Goldilocks knocks on Apple's door looking for the right mobile device. She first picks up iPad Air, which with 9.7-inch screen is too big. Then she tries 4-inch iPhone 5s, but it's too small. Finally she grabs iPad mini, thinking the 7.9-inch display is just right. But unlike the fairy tale, Goldilocks is disappointed. She drops the tablet, goes next door to Samsung's house, and takes the Galaxy Note 3, which at 5.7 inches -- and with stylus -- is just right.
There's a gaping hole in Apple's product line -- and one CEO Tim Cook better quickly fix. Through it sales leak to competitors, but into a category where Apple doesn't compete. Tech-Thoughts analyst Sameer Singh observes about first calendar quarter global handsets: "As of now, we can assume that ~20 percent of all smartphones shipped have screen sizes large enough to become acceptable substitutes for tablet computing tasks".
Phablet-size devices 5.5-inches or greater accounted for about 12 percent of shipments -- or nearly 29 million units -- during Q1, according to Canalys. Looked at differently, smartphones with 5-inch or larger screens accounted for one-third of shipments -- 39 percent to China and 43 percent to Asia-Pacific. The category, which Samsung dominates, grew by 369 percent year over year.
Apple offers no large-screen phones and certainly nothing in the phablet category. Problem: iPhone is too small and iPad is too big, and both cost too much for the majority of buyers in big-growth emerging markets.

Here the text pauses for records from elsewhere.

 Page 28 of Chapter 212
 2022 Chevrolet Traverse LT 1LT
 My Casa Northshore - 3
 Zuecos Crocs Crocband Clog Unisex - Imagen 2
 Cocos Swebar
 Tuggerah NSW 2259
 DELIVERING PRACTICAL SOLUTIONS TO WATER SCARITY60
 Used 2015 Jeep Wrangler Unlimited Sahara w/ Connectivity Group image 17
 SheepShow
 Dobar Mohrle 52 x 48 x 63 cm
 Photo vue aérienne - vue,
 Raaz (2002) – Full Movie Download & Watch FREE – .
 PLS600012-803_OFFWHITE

Apple calendar first-quarter results reveal the trend in progress. iPhone accounted for 57 percent of revenues and iPad 16.7 percent. But tablet revenue fell 13 percent year over year and by 34 percent sequentially. Meanwhile, iPad missed Wall Street consensus by about 3 million units. More broadly, tab shipments dramatically slowed, with IDC putting growth at just 3.9 percent.

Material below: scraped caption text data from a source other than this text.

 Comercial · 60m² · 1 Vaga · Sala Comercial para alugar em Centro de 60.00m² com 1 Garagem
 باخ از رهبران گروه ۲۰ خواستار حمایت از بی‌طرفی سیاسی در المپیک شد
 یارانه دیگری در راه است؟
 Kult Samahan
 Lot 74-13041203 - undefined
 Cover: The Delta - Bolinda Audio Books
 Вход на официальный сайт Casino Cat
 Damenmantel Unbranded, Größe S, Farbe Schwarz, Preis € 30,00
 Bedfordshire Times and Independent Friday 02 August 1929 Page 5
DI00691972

If phablets are the real reason for the recent growth decline in tablet shipments, implications are enormous for Apple. Sales saturation in mature markets mean slower tab replacements, but expected growth elsewhere is now uncertain. In emerging markets, the recent trend is users going from cellular phone (dumb or smart) to tablet rather than PC as their next computing device. Phablet is best-of-both option, and the just-right choice for many people.
For example, in China, the world's largest smartphone market, during March, phablets accounted for 40 percent of smartphone sales, according to Kantar Worldpanel. "It’s clear that phablets really are changing the way Chinese consumers use smartphones", Dominic Sunnebo, Kantar Worldpanel analyst, says. "More than one in five phablet owners now watch mobile TV on a daily basis, half do so at least once a month, and this is without widespread availability of 4G".
Personally, I've seriously looked at Google Play's fantastic deal on Sony Ultra Z. That thing is enormous, but for $449 all the phone and tab you could ever need.
As more of us talk less, viable phone size options increase. For, say, a woman who always carries a purse or student who rarely travels without a backpack, phablet is a reasonable alternative -- for small business owners on the go, potentially even more so.
Apple offers nothing in the category. In this fairy tale, there's no happy ending.